This makes some screw cases non-fatal, e.g. where you were only using the symbol as
the name of a function, and you got an undefined-function error because
you forgot to import the symbol.  Of course nothing can save you when you
were depending on the EQ identity of symbols, other than fixing your
package setup and loading the program (i.e. re-interning every name)
over again.

[The hacks that Moon describes (that GLOBALIZE does) are very ad hoc and
obviously should not be part of the language.  Having them in an
error-proceeding handler is probably OK, although I greatly doubt that
we want to make this part of the language definition.  As far as Common
Lisp goes, I think that to IMPORT a symbol when there is already a
symbol of that name present should just be defined to signal an error.

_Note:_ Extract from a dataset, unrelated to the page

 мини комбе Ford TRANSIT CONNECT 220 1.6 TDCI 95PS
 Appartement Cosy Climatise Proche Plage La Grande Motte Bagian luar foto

EXPORT of a new symbol that wasn't exported before, into an externals
that is somebody's ancestor, should check for name conflicts in a
similar way.  This is difficult because it doesn't know whether the
descendant package shadowed the exported symbol accidentally or on
purpose; maybe SHADOW should remember what it did.  EXPORTing into an
externals that hasn't been used as an ancestor yet, the usual case, is
no problem.

[Before we get into this level of hair, I'm still not sure what the
definition of EXPORT is.  My impression of the proposal was that every
symbol is either uninterned or interned, and every interned symbol has
exactly one home package, and every interned symbol is either an
internal symbol of its home package or an external symbol of its home
package.  My impression was that EXPORT never changes the home package
of a symbol; it merely "sets a bit" saying that this symbol is an
external symbol of its own home package.  But the @Defun says that the
symbol becomes an external symbol in the current package.  Is this just
a mistake, or does EXPORT go around changing the home packages of its
arguments? --DLW]

[I can't tell from reading Fahlman's manuscript whether EXPORT requires
that the symbols it is given already be in the current package, either
internal or external, and just "sets their bit", or whether it is as if
every package has attached to it a list of symbols, and EXPORT merely
does a PUSHNEW onto that list.  Of course it's really stored in some
more efficient way than a list.  If it's the former, what happens when
try to export a symbol that you inherited from an ancestor?  Is this
a bug in the former scheme, or a useful detection of an error? --Moon]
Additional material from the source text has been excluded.